Ungeachtet dessen haben wir zumindest bis vor Kurzem Antisemitismus primär unter „Gefahren von rechts“ subsumiert und verhandelt. Wer darauf hinwies, dass es neben dem alten rechten auch einen neuen importierten, muslimischen Antisemitismus gebe und dieser womöglich die aktuell größere Gefahr darstellen könnte; und wer darüber hinaus noch Assoziationen zu Teilen der Linken herstellte, bei denen die Verbindungslinien vom Antiamerikanismus über den Antikapitalismus hin zum Antizionismus und Antisemitismus laufen; wer – wie zuletzt ein Kommentator der Tagespost – zurecht in der „antiisraelischen Agitation“ mancher Linker auch einen westlichen „Selbsthass“ erkannte: der drohte vollends auf dem dünnen Eis des politisch-korrekten öffentlichen Diskurses einzubrechen.
Seit dem 7. Oktober hat sich das zumindest ansatzweise geändert – auch wenn hier noch sehr viel Gesprächsbedarf besteht, auch wenn nach wie vor davor gewarnt wird, „den linken Antisemitismus großzureden“ (© Armin Thurnher). Dass hier immerhin etwas in Bewegung gerät, ist gut so.
Und es ist noch besser und wichtiger, dass gestern die beiden ÖVP-Minister Gerhard Karner und Karoline Edtstadler gemeinsam mit der grünen Ministerin Alma Zadić eine Gesetzesverschärfung präsentierten, welche NS-Symbole mit jenen islamistischer Terrororganisationen auf eine Stufe stellt.
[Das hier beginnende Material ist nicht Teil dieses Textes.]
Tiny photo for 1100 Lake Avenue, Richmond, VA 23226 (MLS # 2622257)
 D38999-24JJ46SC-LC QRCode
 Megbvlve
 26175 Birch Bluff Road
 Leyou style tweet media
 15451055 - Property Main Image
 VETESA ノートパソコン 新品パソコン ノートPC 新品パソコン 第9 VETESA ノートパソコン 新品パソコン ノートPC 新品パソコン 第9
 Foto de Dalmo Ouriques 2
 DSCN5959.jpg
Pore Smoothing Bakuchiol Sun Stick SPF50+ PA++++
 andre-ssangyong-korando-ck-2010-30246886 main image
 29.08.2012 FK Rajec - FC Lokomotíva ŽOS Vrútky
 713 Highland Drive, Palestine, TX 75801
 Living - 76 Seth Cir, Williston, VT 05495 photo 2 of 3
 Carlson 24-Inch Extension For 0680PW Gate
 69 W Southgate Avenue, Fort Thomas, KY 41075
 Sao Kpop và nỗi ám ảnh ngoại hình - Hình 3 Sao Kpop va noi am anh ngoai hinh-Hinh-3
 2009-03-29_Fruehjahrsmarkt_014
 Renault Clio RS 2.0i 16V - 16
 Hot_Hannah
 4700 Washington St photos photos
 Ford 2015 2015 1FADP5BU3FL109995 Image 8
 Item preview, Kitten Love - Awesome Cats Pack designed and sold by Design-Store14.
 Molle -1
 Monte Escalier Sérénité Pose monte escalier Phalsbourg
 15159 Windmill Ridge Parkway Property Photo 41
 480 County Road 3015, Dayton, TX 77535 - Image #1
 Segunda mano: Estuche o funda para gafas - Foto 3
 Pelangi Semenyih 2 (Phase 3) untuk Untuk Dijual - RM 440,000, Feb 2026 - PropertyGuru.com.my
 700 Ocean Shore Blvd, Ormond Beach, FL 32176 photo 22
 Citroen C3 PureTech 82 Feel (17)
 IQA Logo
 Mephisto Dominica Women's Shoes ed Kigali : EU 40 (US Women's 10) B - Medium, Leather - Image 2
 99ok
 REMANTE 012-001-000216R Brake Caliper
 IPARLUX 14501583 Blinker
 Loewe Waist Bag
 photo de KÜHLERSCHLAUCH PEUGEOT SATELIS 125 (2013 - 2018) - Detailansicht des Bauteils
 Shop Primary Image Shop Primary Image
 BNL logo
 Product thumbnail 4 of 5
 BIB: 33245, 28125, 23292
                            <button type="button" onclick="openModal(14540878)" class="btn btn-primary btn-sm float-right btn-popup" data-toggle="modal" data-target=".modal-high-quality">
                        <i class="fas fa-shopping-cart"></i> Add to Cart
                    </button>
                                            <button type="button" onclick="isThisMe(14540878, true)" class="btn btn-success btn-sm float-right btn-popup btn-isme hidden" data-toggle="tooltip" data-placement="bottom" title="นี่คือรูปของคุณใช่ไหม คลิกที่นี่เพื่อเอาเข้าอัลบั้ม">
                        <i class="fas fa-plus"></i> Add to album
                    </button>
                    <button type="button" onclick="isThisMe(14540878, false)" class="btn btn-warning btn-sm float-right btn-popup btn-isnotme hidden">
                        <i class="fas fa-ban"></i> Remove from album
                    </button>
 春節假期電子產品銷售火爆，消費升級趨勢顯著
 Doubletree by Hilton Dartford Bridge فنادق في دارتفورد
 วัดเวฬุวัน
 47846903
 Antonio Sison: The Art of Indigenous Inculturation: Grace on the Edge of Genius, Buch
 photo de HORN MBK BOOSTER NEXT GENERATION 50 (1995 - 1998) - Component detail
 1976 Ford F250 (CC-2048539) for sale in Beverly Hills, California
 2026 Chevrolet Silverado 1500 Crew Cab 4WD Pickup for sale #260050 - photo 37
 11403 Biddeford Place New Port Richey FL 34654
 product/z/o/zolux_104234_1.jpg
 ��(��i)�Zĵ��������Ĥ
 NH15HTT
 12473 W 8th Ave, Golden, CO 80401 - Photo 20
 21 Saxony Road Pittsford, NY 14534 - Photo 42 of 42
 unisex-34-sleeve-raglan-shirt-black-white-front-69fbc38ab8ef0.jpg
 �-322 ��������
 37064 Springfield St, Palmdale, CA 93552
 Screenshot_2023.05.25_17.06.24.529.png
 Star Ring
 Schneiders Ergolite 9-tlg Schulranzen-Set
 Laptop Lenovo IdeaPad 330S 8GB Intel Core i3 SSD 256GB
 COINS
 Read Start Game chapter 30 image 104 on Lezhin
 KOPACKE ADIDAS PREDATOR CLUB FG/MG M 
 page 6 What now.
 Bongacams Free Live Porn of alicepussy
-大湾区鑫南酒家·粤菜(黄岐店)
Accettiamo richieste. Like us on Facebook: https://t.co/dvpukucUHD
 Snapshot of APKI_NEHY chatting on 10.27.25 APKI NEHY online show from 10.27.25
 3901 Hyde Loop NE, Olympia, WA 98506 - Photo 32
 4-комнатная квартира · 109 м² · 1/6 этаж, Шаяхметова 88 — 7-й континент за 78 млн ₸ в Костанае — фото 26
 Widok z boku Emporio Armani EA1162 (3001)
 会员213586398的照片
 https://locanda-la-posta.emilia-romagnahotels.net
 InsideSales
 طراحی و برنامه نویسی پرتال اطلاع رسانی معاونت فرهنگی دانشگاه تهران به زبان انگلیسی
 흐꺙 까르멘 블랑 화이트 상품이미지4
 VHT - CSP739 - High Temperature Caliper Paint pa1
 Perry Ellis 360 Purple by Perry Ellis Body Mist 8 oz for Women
Man mag das als bloße Symbolpolitik abtun. Aber erstens sind die geplanten Straferhöhungen ein sehr starkes „Symbol“. Und zweitens unterschätzt solche Kritik die Bedeutung von „Symbolpolitik“. Diese macht deutlich, was geht und was nicht geht; wer bzw. wie wir sind und wie wir nicht sein wollen. Die Diskussionen darüber, so viel darf man getrost prognostizieren, werden in Zukunft an Dringlichkeit weiter gewinnen.